Деятельность пропагандиста должна была помочь как тогда говорили, «увязать теорию с практикой» — организовать бригадный промысел, усилить «выполнение пушнодобычи», осуществить «практическую агитацию за оседание и грамоту».

Отдельной линией в работе В.А. Величко проходит работа с образом Сталина и предложение написать ему письмо: «С третьей беседы возникла мысль писать письмо Сталину. Это письмо превратилось основным стержнем, который пронизал всю школу, все беседы и занятия, и, таким образом, помог несказанно».

Охваченные пропагандой и приобщившиеся к ней сами становились распространителями «классового самосознания», революционной фразеологии и трансляторами политический идей. Один из тех, с кем занимался пропагандист А.П. Жданов, комсомолец и бригадир Гавриил Тугундин в октябре 1935 г. писал секретарю Колпашевского райисполкома: «Товарищи мы охотники эвенки будим бороться за выполнением план пушнозаготовок II квартал 35 г. Будим дратся своем договорами по болшевиски… мы уже начинаем жить по культурно у нас проводится политучебы и проводим ликвидация неграмотность. Я работал весной ликвидатором в своем бригаде у мня было учеников эвенков 9 чел. Г. Тугундин».

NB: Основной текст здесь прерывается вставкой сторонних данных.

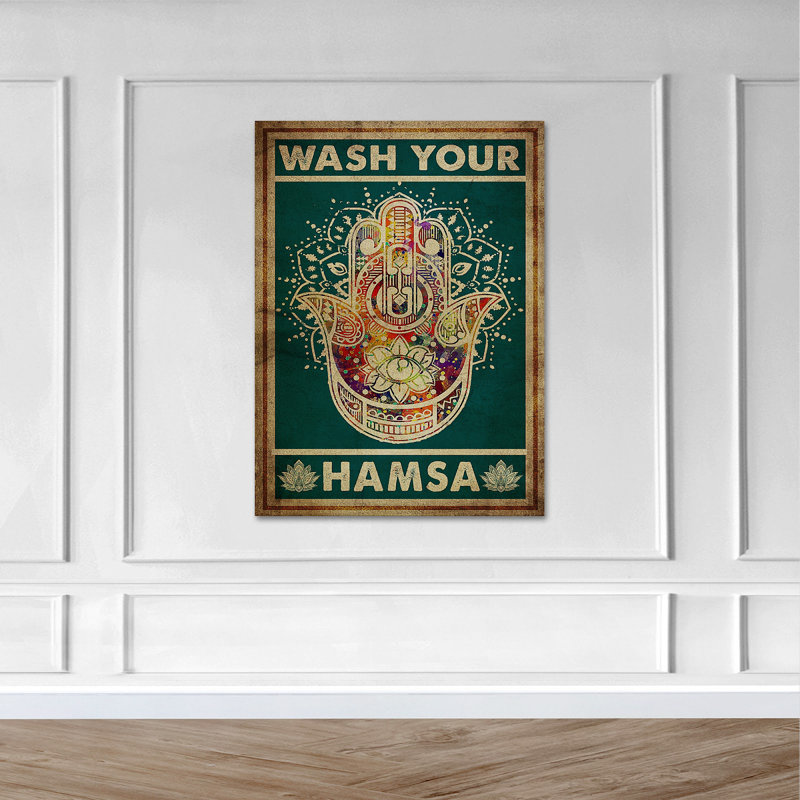 «Hamsa Hand - Wash Your Hamsa», reproduction d'art graphique sur toile tendue, H 14 po x l 11 po x P 2 po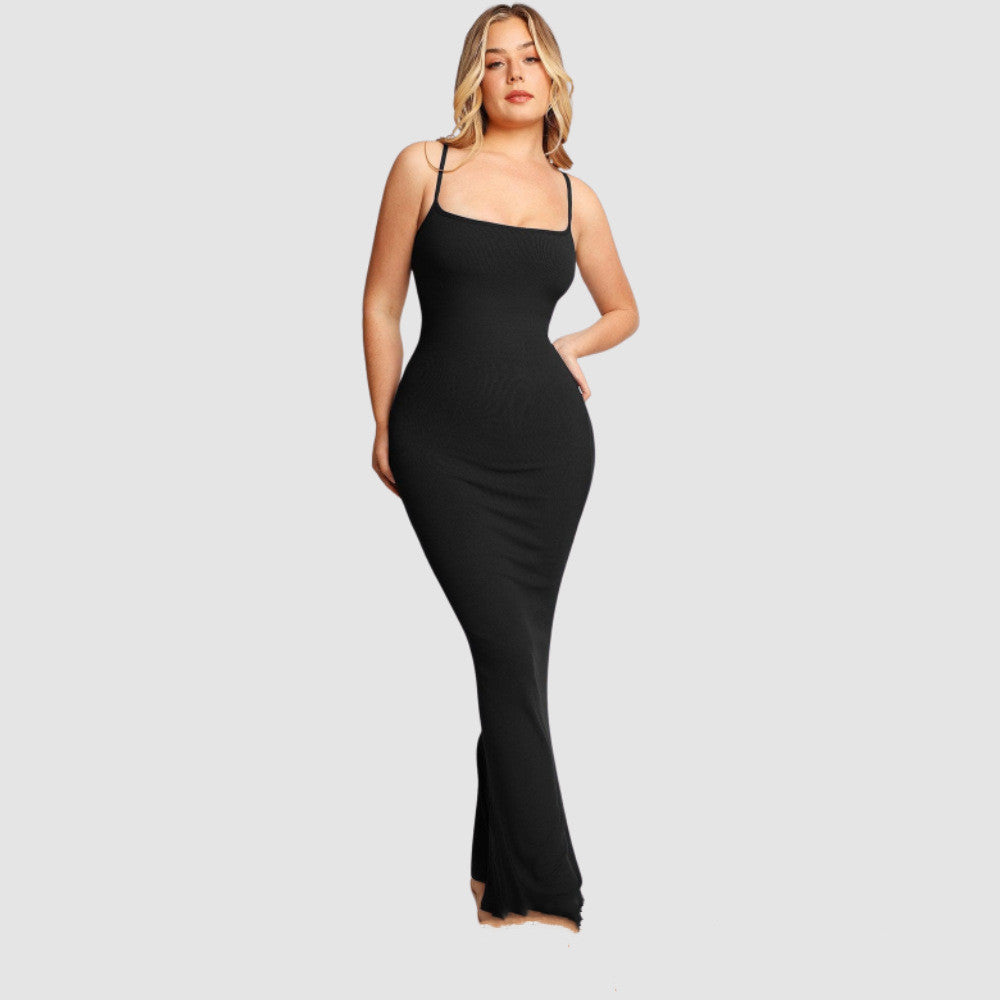 Akatonbo Women'S Shapewear Dress Jumpsuit Tummy Tuck Lift Corset Open Crotch Suspender Tight Long Skirt Chest Pad Bodysuit Dress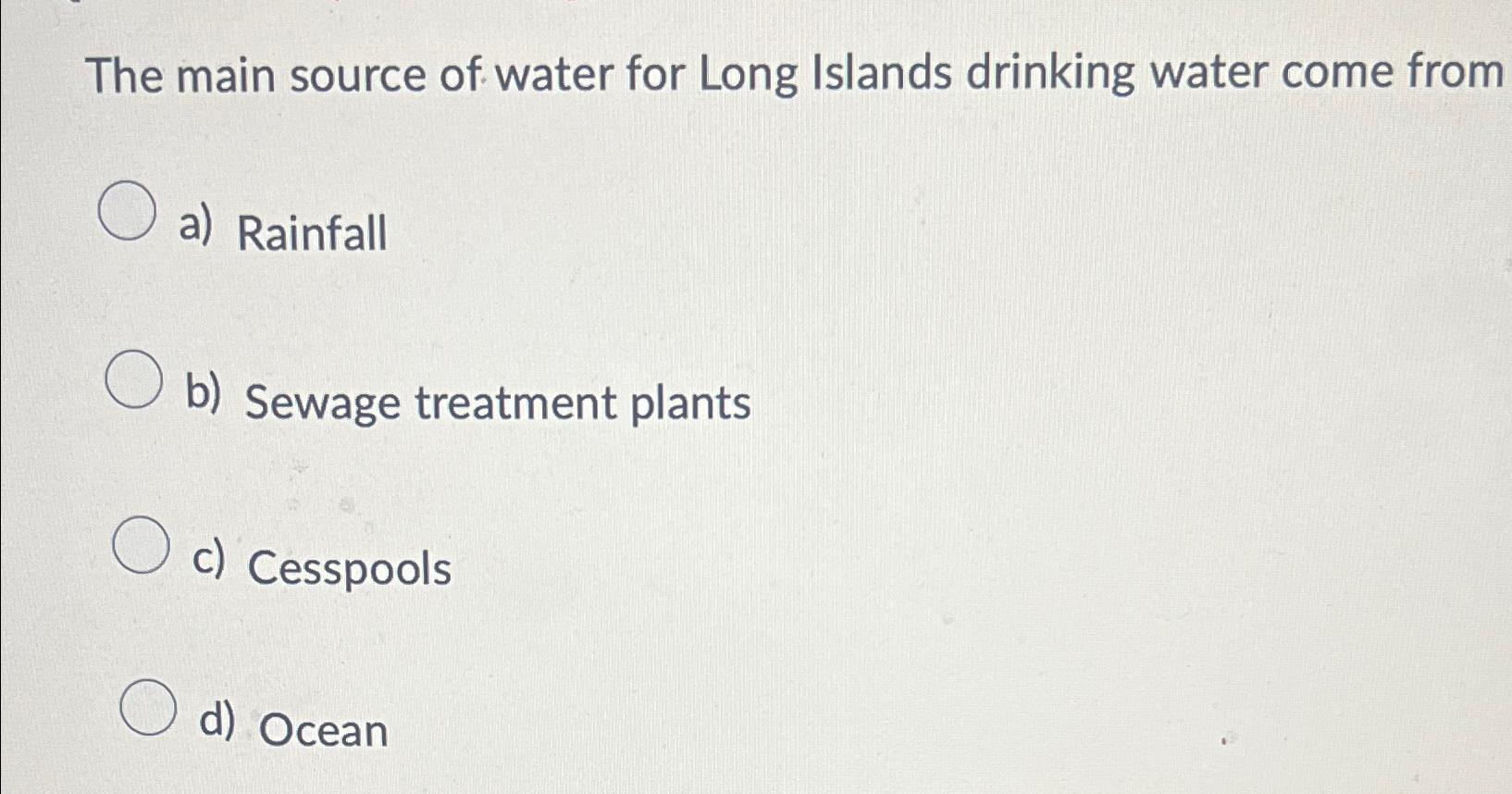 Solved The main source of water for Long Islands drinking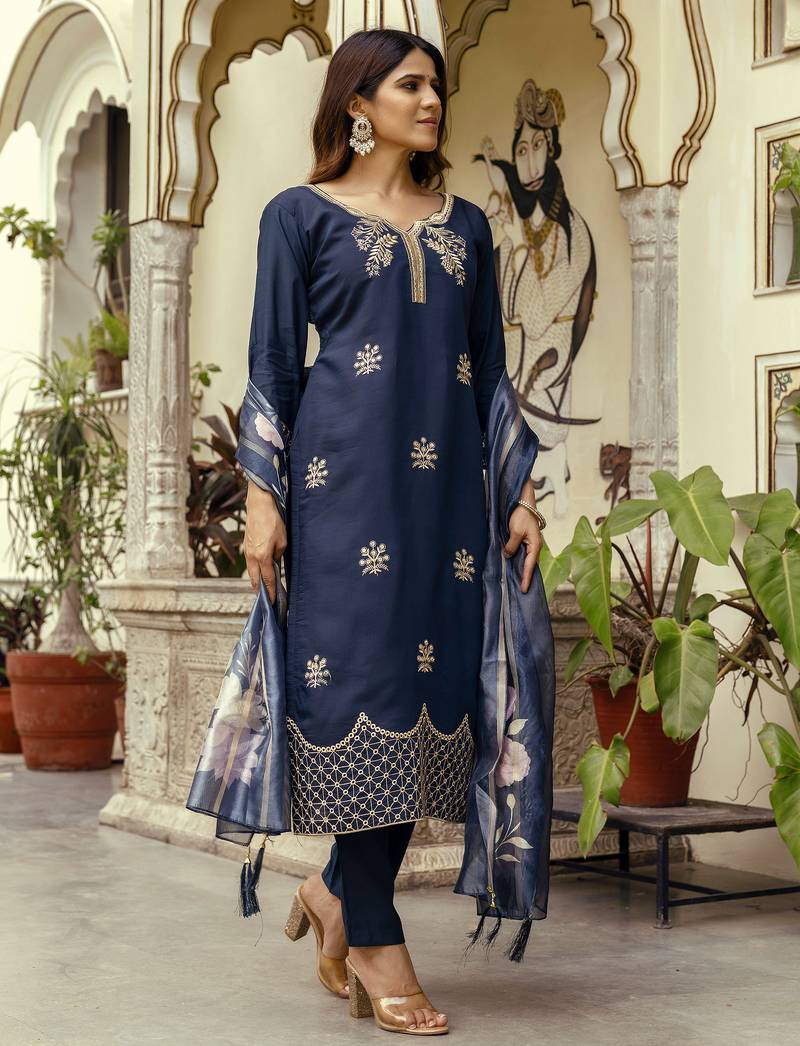 Navy blue viscose chanderi salwar suit with embroidered work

В этом отрывке — новые обороты речи и лексика, иная мотивация деятельности, иные стереотипы поведения и мышления. Эвенкам, обычно не промышлявшим зверя больше, чем позволяют ресурсы территории, не соревновавшимся, кто «выполнит и перевыполнит» план пушнозаготовок, не певшим с утра песен, не коллективизировавшим оленей, не «дравшимся договорами по-большевистски» и не делавшим по утрам физзарядки, — навязывается новый образ жизни, отрицающий опыт предков и традиционные стереотипы поведения.

На основании дневников пропагандистов и ликвидаторов неграмотности, работавших на территории Прикетья со взрослым населением, можно сделать вывод, что разным видам культуры – образовательной и политической, придавалось различное значение. Приоритет был отдан не средствам просвещения, а политической обработке, во многом схожей с миссионерской деятельностью.

Таким образом, в условиях становления нового советского общества средством развития человека считалась не грамотность, а ее двойник — политическая грамотность коренного населения, ставшая инструментом культурных и мировоззренческих преобразований. Этому каналу трансляции новых идей отдавалась приоритетная роль. То есть, вопреки утверждению марксистов, не бытие, а идеология должна была определять сознание.